- [Exercise goal] Find and copy each line of the records where the string "Super" shows up.

(Data shown begins)

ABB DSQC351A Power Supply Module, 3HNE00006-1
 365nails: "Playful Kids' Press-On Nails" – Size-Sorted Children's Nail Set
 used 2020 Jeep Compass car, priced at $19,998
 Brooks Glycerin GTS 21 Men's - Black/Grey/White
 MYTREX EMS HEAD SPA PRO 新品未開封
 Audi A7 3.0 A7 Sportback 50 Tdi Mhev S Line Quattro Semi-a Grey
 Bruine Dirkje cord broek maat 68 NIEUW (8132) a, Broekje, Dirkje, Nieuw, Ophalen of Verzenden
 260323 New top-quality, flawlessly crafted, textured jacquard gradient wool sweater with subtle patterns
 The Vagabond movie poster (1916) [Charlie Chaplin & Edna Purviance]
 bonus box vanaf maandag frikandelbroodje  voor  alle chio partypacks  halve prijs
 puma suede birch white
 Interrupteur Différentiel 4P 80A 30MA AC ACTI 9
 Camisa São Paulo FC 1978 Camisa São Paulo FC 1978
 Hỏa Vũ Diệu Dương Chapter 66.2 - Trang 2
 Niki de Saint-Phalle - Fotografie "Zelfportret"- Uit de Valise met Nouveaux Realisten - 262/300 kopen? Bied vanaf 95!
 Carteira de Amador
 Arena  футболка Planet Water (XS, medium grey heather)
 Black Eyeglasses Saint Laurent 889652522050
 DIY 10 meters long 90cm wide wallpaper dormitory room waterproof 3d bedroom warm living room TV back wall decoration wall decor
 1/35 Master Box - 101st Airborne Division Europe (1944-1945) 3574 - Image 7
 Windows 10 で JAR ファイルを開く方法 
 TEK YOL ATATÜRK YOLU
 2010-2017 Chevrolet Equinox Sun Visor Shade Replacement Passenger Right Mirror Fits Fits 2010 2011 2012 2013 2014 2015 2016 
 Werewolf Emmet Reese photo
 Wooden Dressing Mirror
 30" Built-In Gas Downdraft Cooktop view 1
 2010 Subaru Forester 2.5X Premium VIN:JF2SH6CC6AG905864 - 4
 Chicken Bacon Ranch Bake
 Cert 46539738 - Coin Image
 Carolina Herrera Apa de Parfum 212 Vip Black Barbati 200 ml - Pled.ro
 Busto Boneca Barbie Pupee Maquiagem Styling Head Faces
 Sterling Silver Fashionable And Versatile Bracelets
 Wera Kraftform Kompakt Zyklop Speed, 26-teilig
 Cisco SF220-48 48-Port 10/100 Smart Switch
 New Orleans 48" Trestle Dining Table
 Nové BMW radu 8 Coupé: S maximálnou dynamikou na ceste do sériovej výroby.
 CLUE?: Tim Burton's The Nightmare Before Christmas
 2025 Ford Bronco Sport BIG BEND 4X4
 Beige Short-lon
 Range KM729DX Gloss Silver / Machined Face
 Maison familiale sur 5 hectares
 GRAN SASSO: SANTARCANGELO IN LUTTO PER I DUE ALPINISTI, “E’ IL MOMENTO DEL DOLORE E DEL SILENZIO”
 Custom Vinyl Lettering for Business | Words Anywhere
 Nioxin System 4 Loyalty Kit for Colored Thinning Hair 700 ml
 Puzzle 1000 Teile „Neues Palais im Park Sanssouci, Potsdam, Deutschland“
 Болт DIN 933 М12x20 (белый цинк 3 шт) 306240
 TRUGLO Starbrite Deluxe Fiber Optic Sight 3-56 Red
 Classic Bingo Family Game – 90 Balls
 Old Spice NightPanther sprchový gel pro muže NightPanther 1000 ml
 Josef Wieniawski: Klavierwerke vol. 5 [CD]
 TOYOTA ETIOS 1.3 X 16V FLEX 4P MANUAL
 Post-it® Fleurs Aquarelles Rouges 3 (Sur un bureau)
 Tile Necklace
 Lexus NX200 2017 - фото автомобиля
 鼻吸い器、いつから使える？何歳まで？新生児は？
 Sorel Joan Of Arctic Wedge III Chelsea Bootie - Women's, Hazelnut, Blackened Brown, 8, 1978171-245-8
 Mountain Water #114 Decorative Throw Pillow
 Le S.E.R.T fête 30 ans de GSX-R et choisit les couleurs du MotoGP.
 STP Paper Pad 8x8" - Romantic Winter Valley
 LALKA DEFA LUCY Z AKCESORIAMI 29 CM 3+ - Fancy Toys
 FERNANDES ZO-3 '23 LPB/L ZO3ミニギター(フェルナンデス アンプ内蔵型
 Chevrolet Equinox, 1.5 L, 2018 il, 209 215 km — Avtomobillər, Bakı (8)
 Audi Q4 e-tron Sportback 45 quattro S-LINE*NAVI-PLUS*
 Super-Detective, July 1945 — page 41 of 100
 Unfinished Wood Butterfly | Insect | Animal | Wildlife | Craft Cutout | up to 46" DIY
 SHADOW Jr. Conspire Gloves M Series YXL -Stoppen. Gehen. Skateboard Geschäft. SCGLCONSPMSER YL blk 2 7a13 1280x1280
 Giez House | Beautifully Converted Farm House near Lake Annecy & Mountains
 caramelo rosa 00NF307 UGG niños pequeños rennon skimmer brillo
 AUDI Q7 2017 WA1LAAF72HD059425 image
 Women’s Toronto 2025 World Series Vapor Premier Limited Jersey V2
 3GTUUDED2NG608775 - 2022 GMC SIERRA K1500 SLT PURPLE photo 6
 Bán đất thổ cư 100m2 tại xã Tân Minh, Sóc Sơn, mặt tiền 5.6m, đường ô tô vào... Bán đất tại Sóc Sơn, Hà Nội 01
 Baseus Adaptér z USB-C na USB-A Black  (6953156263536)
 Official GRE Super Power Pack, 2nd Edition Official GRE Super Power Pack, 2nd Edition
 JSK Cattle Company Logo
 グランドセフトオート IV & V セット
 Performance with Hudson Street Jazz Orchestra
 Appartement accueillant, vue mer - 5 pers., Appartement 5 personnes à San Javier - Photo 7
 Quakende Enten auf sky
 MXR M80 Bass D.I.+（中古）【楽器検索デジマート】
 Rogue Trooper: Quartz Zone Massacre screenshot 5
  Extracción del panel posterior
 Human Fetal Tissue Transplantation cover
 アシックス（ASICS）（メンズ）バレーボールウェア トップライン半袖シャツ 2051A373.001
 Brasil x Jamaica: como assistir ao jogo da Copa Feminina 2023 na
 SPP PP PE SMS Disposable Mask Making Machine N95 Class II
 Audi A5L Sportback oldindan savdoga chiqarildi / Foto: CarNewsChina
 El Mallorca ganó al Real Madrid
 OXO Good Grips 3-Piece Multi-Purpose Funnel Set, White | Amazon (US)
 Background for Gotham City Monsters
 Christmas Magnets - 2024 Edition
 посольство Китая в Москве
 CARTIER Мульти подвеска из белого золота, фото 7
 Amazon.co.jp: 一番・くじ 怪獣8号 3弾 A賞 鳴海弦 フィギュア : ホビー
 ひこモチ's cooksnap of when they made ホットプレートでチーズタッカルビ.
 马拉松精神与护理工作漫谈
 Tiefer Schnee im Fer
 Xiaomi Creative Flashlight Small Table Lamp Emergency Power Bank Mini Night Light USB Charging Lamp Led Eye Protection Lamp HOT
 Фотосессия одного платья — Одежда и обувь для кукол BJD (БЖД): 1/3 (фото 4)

(Data shown ends)

- [Response area]
 Super-Detective, July 1945 — page 41 of 100
 Official GRE Super Power Pack, 2nd Edition Official GRE Super Power Pack, 2nd Edition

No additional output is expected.